On peut voir maintenant combien il était utile de connaître exactement le rôle du Sénat et des patres à l'égard des comices pour répondre à la question que j'avais posée au début de ce travail. La réponse variera selon que l'on adoptera, sur ces deux points, telle ou telle des solutions que nous avons discutées. Ainsi ceux qui croient que l'auctoritas est exercée par le Sénat patricien, par le Sénat tout entier, ou par les patres familiarum des gentes patriciennes ne peuvent répondre que négativement, car il est incontestable que, pour eux, le peuple est un mineur ou tout au moins que sa puissance est inférieure à celle des patres.

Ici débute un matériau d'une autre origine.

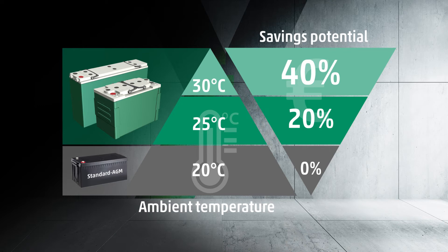Note that 30 degrees Celsius for Hoppik's GRID Xtreme VR equals the performance of conventional AGM batteries at 20 degrees Celsius.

Dans mon opinion, au contraire, ni le sénatus-consulte qui précède le vote des comices, ni la ratification des patriciens qui le suit n'impliquent, en principe, que le peuple soit subordonné au Sénat ou aux patres. Si le Sénat intervient ici, c'est parce que la proposition qui va être portée aux comices est, on l'a trop oublié dans cette discussion, l'œuvre du magistrat dont le Sénat est le conseil. (1) En sorte que la règle qui veut que toute rogatio d'un magistrat supérieur soit préalablement examinée par le Sénat a pour effet de restreindre, non pas les pouvoirs des assemblées du peuple, mais bien celle du magistrat.

(1) Il suffit, pour s'en convaincre, de citer, entre autres preuves, la définition célèbre des acta Caesaris par Cicéron. Philip. 1, 7-10.